Arjan van de Ven wrote:
On Wed, 2006-07-26 at 16:26 +0200, Dennis Jacobfeuerborn wrote:
Arjan van de Ven wrote:
If X.Org 7.1 is made available as an official upgrade to Fedora 5 when
the Fedora Project/Red Hat are aware that it will break systems that
are in use across companies and institutions then Fedora will lose
credibility and trust with the administrators of those systems, which
will damage the reputation of Fedora/Red Hat, as well as convince
those organizations to look into alternatives where stability within a
release is valued as it used to be with Red Hat.
by this argument Fedora wouldn't be able to release updated kernels
including those with urgent security fixes.
There is a difference between breaking things accidentally (a risk that you
can never completely avoid) and breaking things deliberately and knowingly.
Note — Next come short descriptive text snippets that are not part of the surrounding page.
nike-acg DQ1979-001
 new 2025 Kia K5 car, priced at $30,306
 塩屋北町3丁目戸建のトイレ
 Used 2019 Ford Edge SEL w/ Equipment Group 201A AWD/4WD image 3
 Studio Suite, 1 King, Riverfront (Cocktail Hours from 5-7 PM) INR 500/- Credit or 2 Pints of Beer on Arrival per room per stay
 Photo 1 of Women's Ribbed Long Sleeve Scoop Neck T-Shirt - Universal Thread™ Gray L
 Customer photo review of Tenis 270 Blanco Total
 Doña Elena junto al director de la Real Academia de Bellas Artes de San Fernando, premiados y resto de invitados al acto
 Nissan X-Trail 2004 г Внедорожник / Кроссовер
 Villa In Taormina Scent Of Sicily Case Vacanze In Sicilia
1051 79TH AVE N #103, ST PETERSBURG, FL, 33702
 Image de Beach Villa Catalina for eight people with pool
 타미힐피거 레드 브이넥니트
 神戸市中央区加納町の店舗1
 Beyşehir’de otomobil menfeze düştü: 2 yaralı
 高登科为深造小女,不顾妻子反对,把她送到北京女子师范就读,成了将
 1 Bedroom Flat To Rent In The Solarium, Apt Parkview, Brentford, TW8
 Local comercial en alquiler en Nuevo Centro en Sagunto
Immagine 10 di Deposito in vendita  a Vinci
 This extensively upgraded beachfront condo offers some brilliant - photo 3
quite often it is known that a kernel update breaks binary drivers. In
fact that's the expected behavior (see stable_api_nonsense.txt as well
as the OLS keynote of this year at
http://www.kroah.com/log/2006/07/23/#ols_2006_keynote to see why), so I
still don't see the difference...
This discussion is not about the linux kernel, but about the Fedora
distro. And certainly the goal of a linux distribution is to provide a
smooth experience. So if you're going to push an update that you know is
going to inconvenience, say, 10% of your user base, you have to ask
yourself some hard questions, no matter what the update or the
inconvenience are.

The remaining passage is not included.